Todos nosotros hemos sido dañados. Todos, de un modo o de otro, hemos sido tocados por el mal. Por
otra parte, todos sabemos –por experiencia propia o ajena- que el mal puede ser una vía muy eficaz de logar cosas. Mucho puede obtenerse con el robo, la mentira, la manipulación, la violencia…
Ante el mal recibido, es comprensible y normal sentir ira. Ante el mal que abre caminos fáciles, mientras el bien los abre tan lentamente, es comprensible y normal sentir la tentación de hacerse de la vista gorda y tomar “atajos-contra-conciencia”.
Pero aquí surge la cuestión de la identidad: ¿quién soy?, ¿quién quiero ser?
Para un discípulo de Cristo, el mal no es una opción, y la primera razón para no obrar el mal es, precisamente, porque está mal, y el mal es ajeno a la identidad cristiana.
Toda la vida del Señor es una elección del bien. La vida pública de Jesús comienza justo después de
que Jesús es tentado por el demonio, que no niega nunca a Jesús su identidad de Hijo de Dios, pero lo invita a poner su confianza en la fuerza del mal. Jesús rechaza la propuesta, y a partir de ahí, toda su vida es una continua opción por el bien.
Y esta postura la confirma de un modo sublime en su pasión y muerte, donde no sólo no ataca a sus
adversarios, sino que reza por ellos.
En realidad, el esfuerzo no es tanto aprender a no elegir el mal como aprender a creer en la fuerza del bien. Nuestro mayor problema es que desconfiamos de la eficacia del bien.
Quisiéramos que el bien diera resultados rápidos, pero esto sería contradictorio, porque una de las cualidades de la efectividad del bien es la estabilidad, la actitud permanente, la elección que, una vez hecha,
marca la vida para siempre, y ese resultado es el fruto de un camino, de un proceso lento en el cual la
persona va asumiendo unos valores, va integrando a su ADN un modo de obrar que permeará todas y cada una de sus decisiones.

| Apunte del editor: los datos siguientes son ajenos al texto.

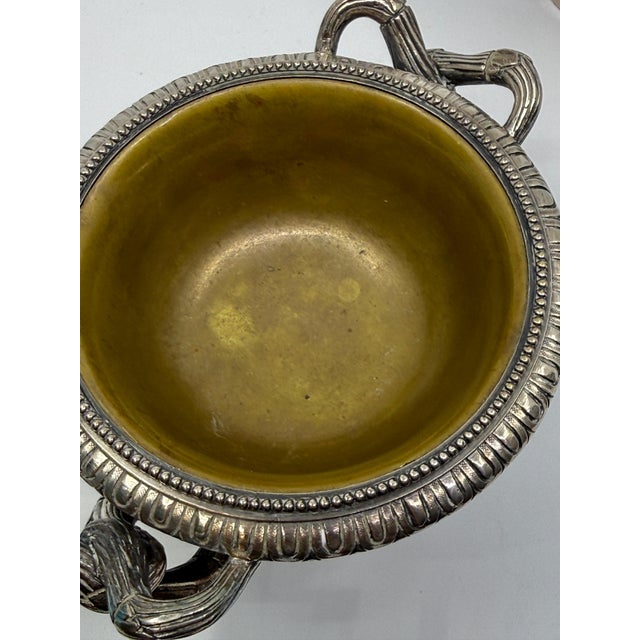 Pair 19th Century Grand Tour Neo Classical Silver Plated Warwick & Albani Urns For Sale - Image 4 of 18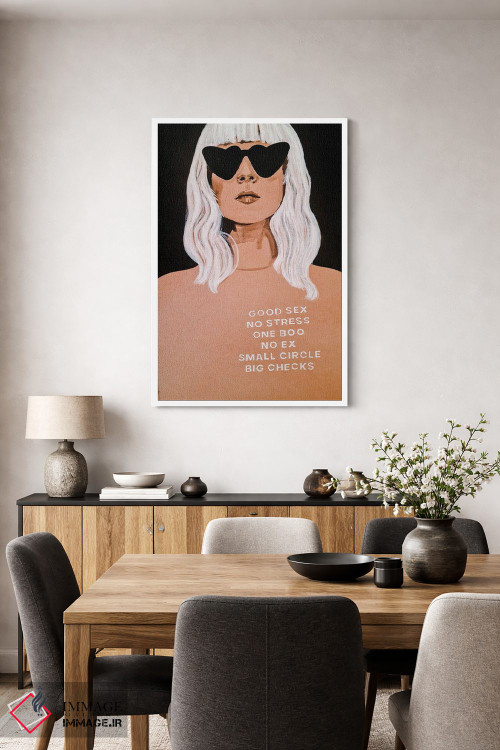 تابلو دکوراتیو یک بو اثر گیل لبلو - D4W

Dejarse secuestrar por la ira, la impaciencia o la desesperación, es fácil, pero aprender a responder desde el perdón y la bondad lleva su tiempo, y no puede ser de otra forma. La buena noticia es que, cuando se asume este modo, ya no nos reconocemos sin él, y nos vamos dando cuenta, además, de que el bien sí es un camino viable.
Dicen que una imagen vale más que mil palabras. En mi parroquia, un catequista explicó a los niños
cómo la tentación es una invitación al mal pero una invitación que puede rechazarse. Unos días después, lo vio uno de los niños por la calle, le corrió al encuentro y le dijo: “Profe, discutí con mi hermanito… y me
dieron unas ganas de pegarle… pero no lo hice, fue una tentación, no fue un pecado”.